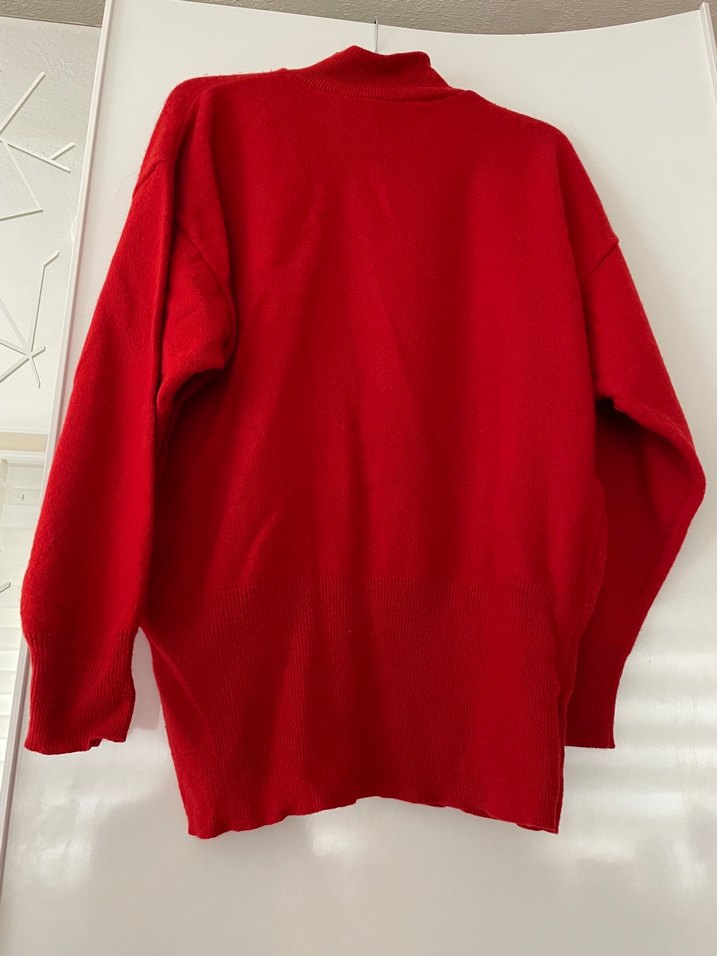 Kadın Kırmızı Yüksek Yakalı Sweatshirt - Görsel 3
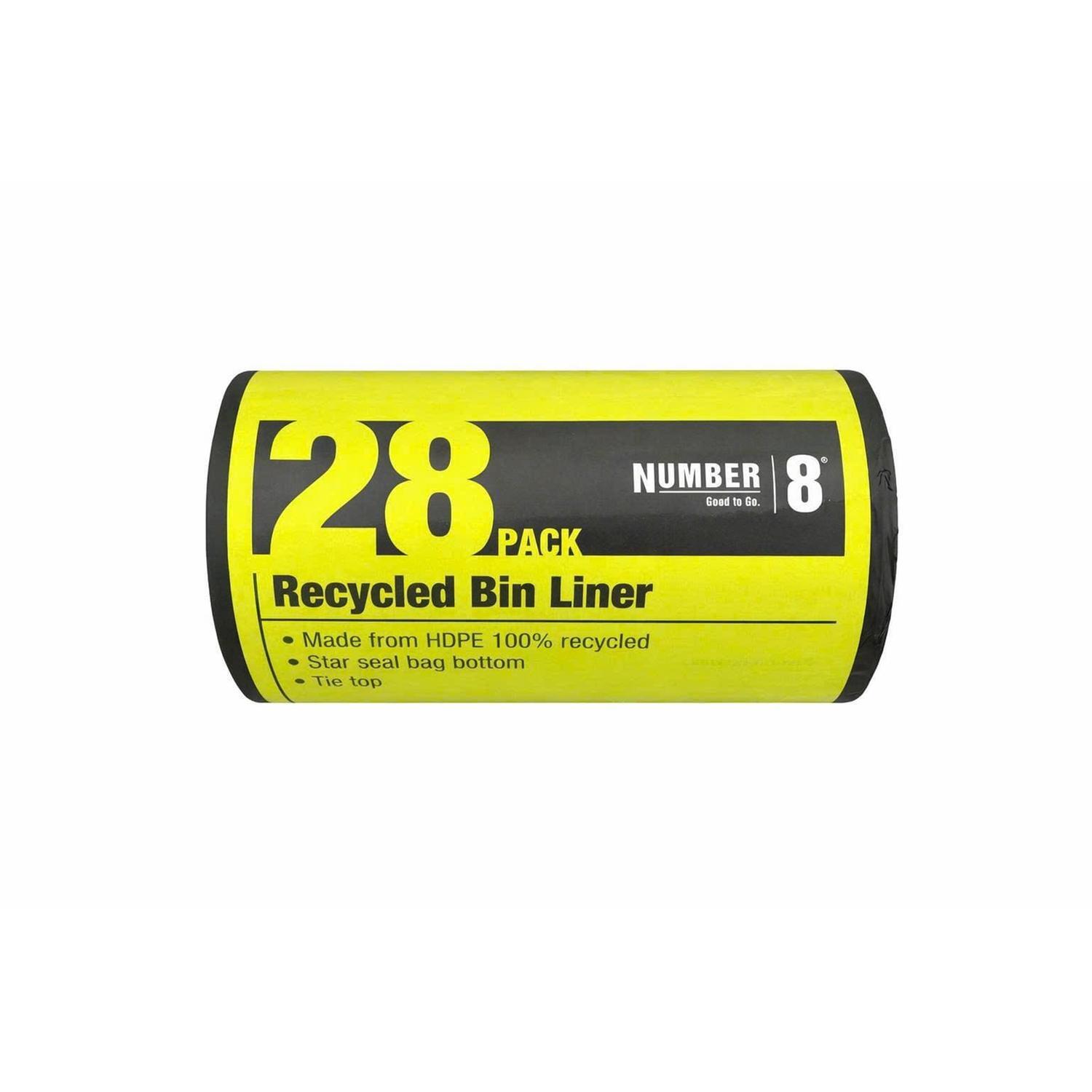 Bin Liner Tie Top Recycled Black M/27L 28 Pack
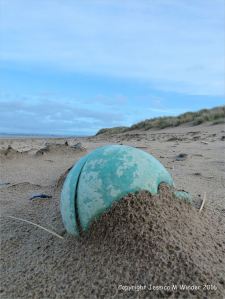 Green plastic fishing buoy washed up as flotsam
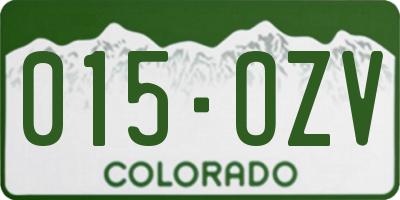 CO license plate 015OZV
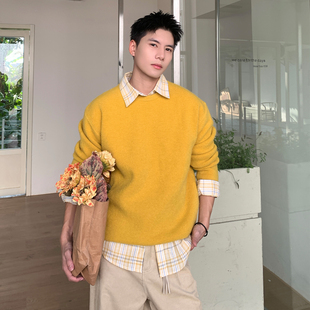 Holocene美式潮牌cleanfit圆领毛衣男士秋冬少年感保暖长袖针织衫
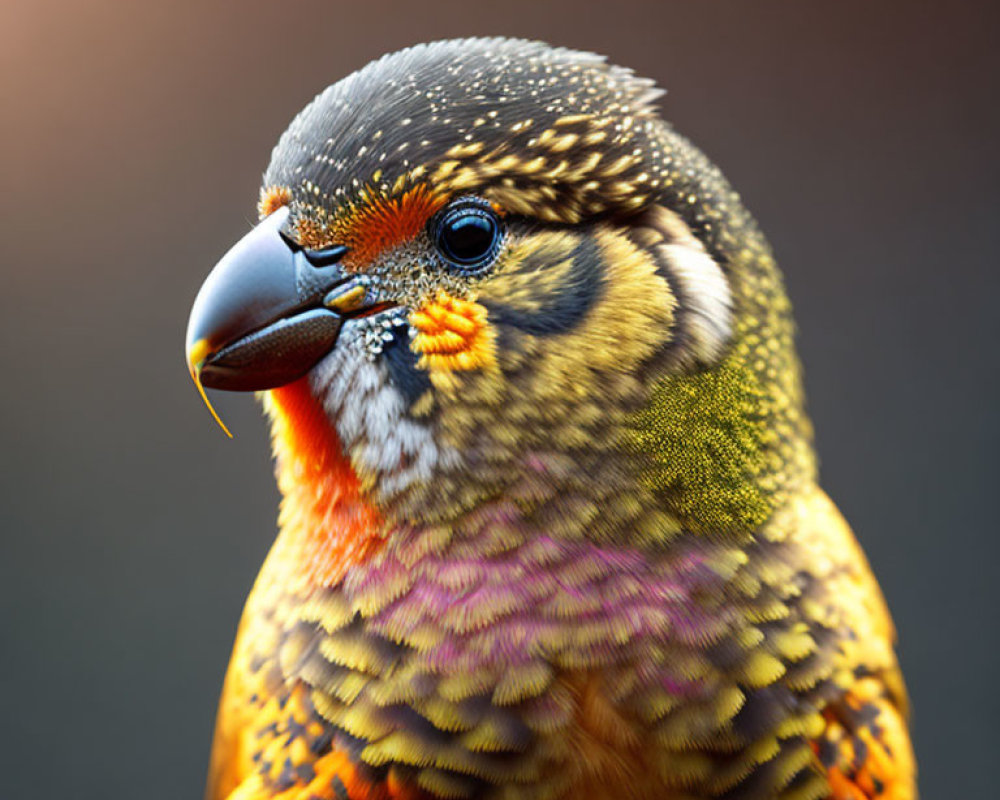 Colorful Parakeet with Detailed Plumage on Soft-focus Background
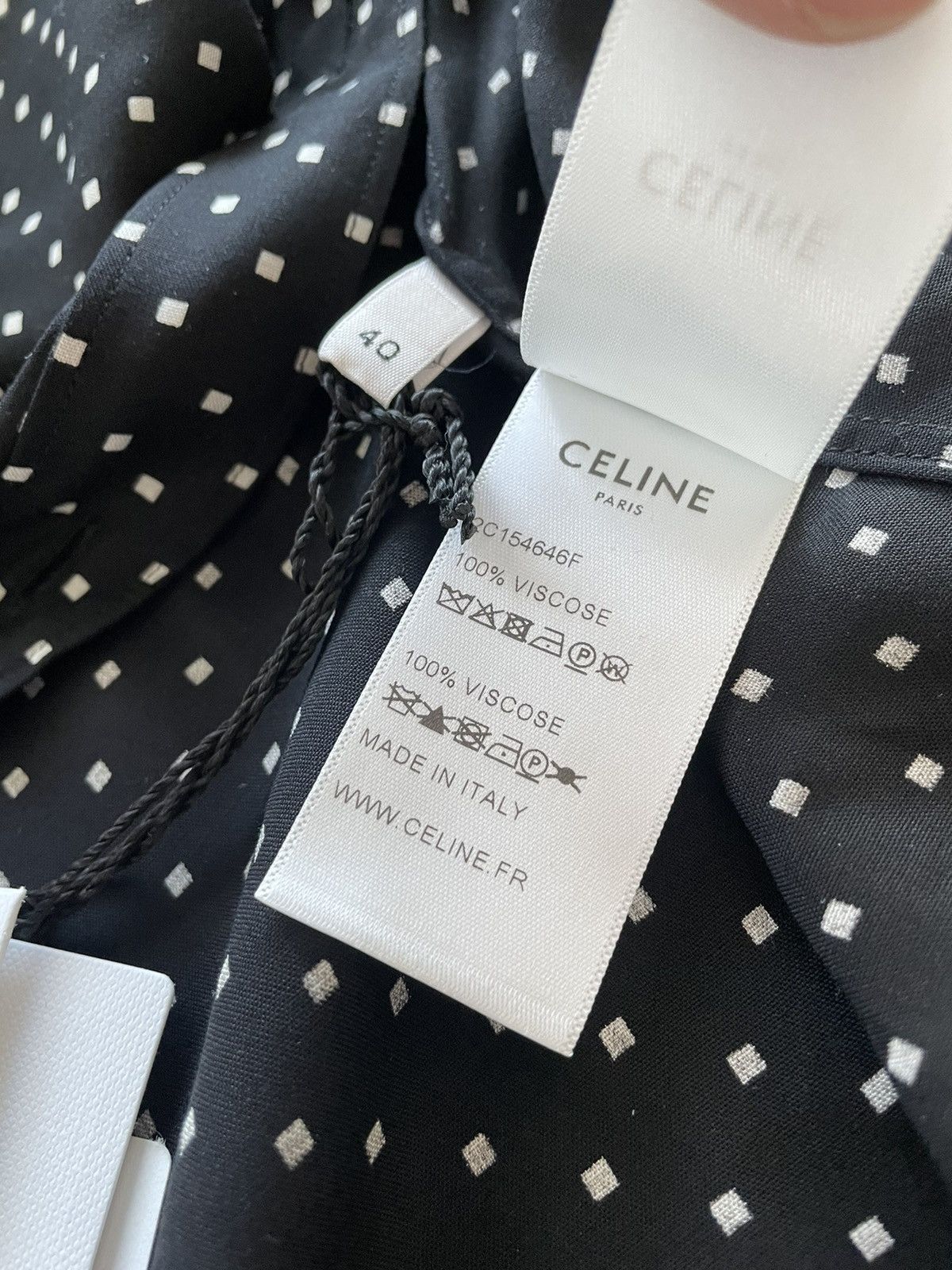 Celine × Hedi Slimane Rare BrandNew Hedi Runway Iconic Viscose Square Print Shirt Size US M / EU 48-50 / 2 - 6 Thumbnail
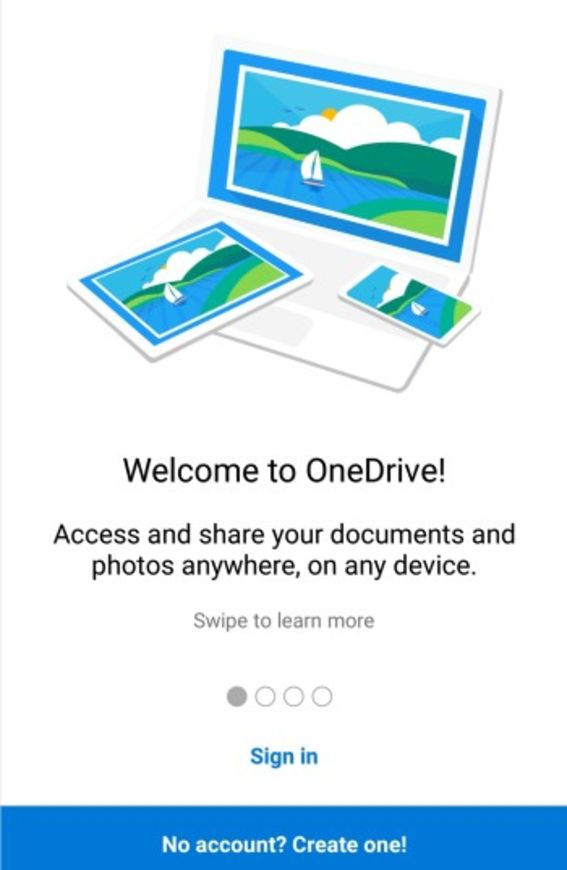 1. Avaa OneDrive ja valitseSign in.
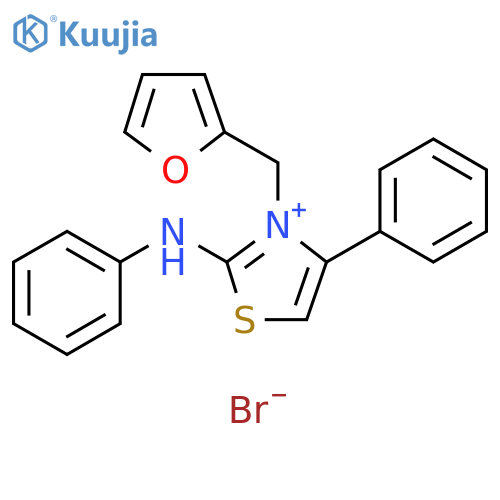 3-(furan-2-yl)methyl-4-phenyl-2-(phenylamino)-1,3-thiazol-3-ium bromide structure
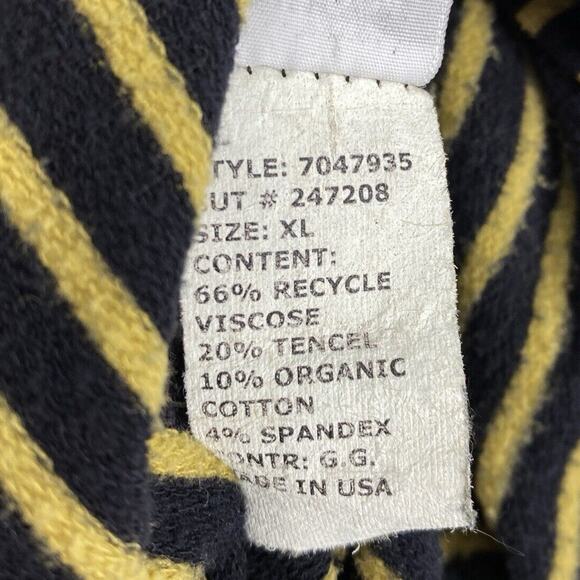 Cut Loose Top Women Size XL Gold Black Striped Long Sleeve Pullover - Picture 6 of 8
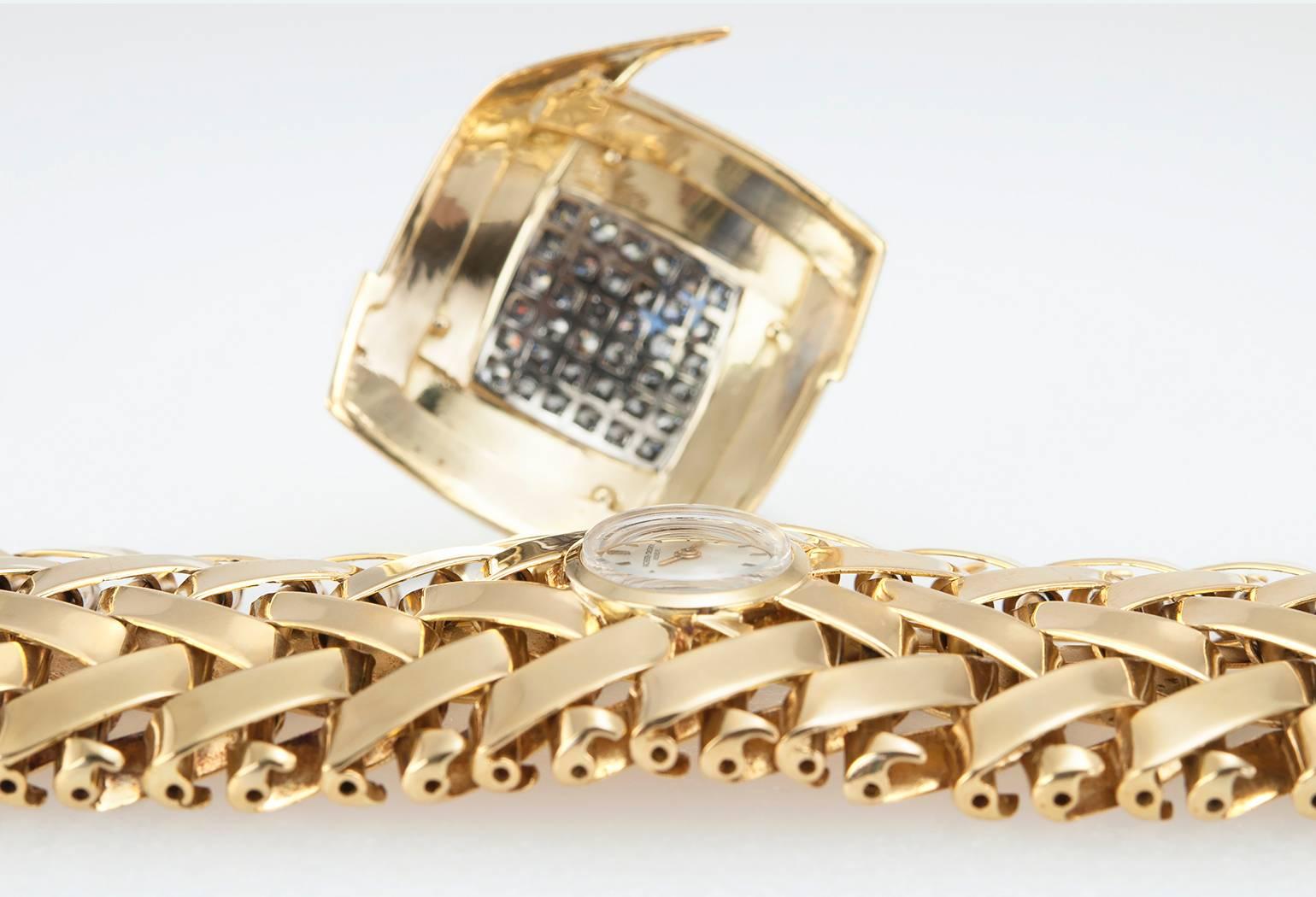 Vacheron & Constantin lady's yellow Gold Diamond Bracelet wristwatch For Sale 1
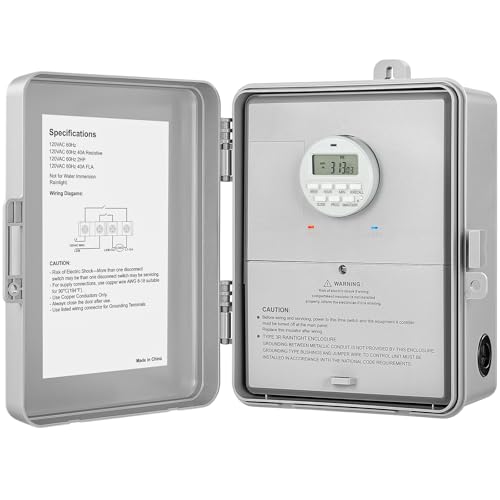 SURAIELEC Digital Pool Timer, 40AMP 120V 2HP, 7-Day Programmable Timer | Programmable Box for Swimming Pump, Landscape Lights, Lights, Simultaneously Controls Up to 2HP Devices, Outdoor/Indoor Use - style: 120VAC 2HP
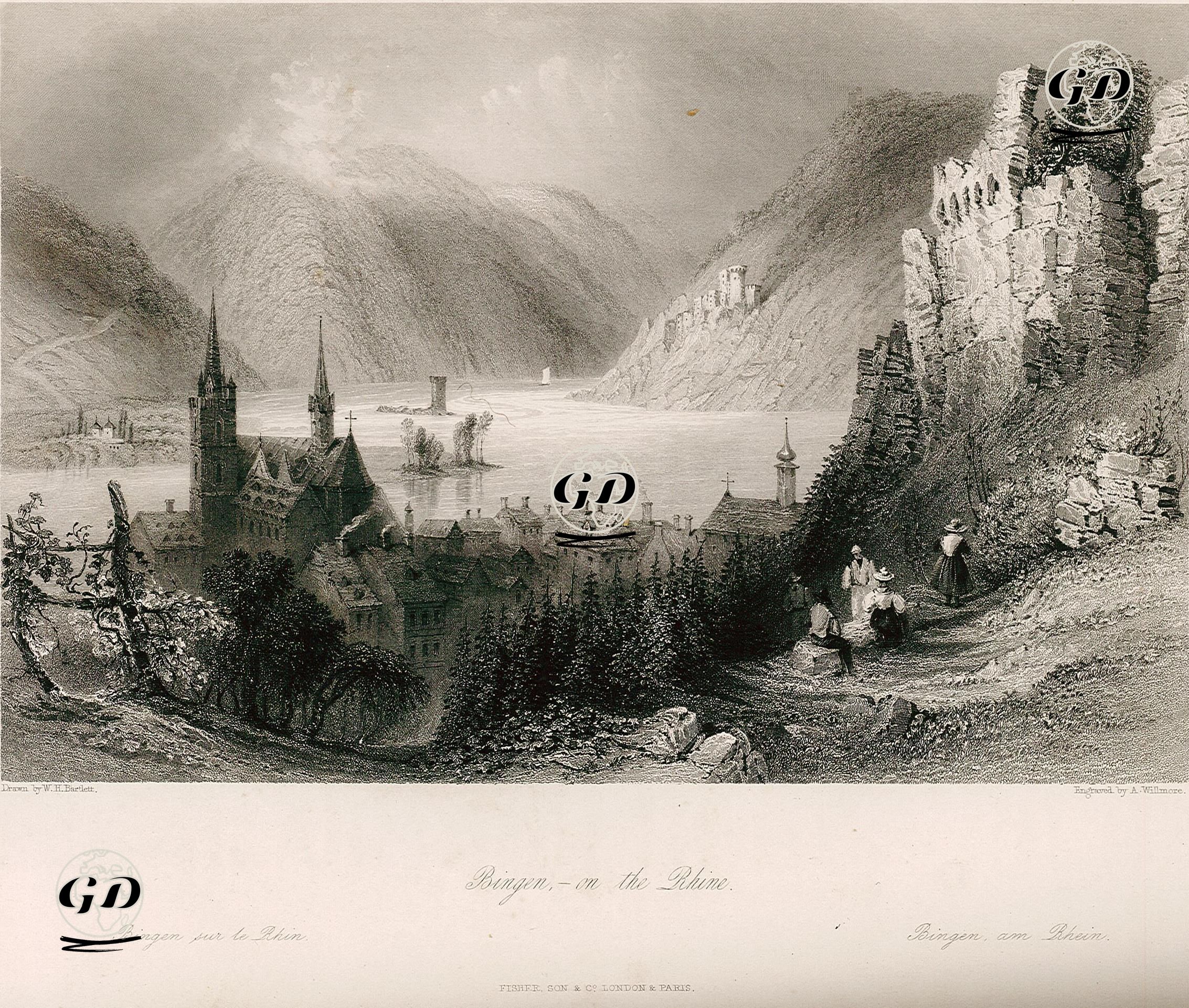 Ren Nehri Üzerinde Bingen am Rhein - William Henry Bartlett (1809-1854) - 1842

·····

» **Exercise**: From the line that contains "SURAIELEC Digital Pool" to the final line of the entries, reproduce every line exactly, both ends included. Leave out all pictures.

» **Response to the exercise**:
 SURAIELEC Digital Pool Timer, 40AMP 120V 2HP, 7-Day Programmable Timer | Programmable Box for Swimming Pump, Landscape Lights, Lights, Simultaneously Controls Up to 2HP Devices, Outdoor/Indoor Use - style: 120VAC 2HP
 Ren Nehri Üzerinde Bingen am Rhein - William Henry Bartlett (1809-1854) - 1842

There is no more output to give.